Leaving the images aside, transcribe all the data below exactly.

**DATASET EXCERPT**.
<<<<

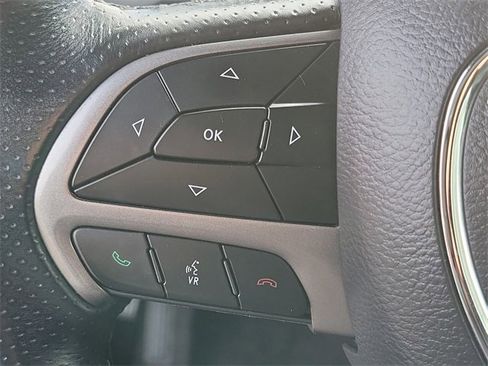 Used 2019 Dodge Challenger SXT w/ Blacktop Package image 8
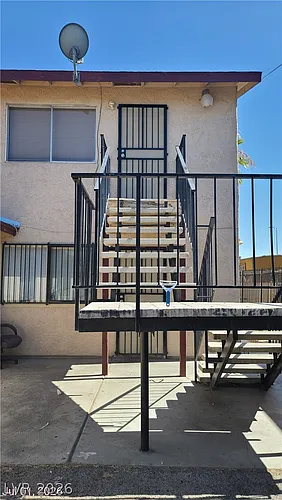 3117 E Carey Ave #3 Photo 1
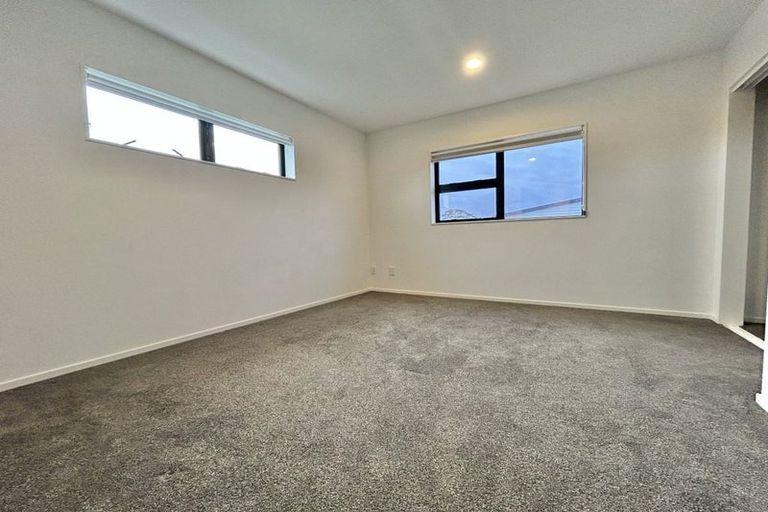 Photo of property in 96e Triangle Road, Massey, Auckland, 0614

>>>>

**ANSWER**.
 Used 2019 Dodge Challenger SXT w/ Blacktop Package image 8
 3117 E Carey Ave #3 Photo 1
 Photo of property in 96e Triangle Road, Massey, Auckland, 0614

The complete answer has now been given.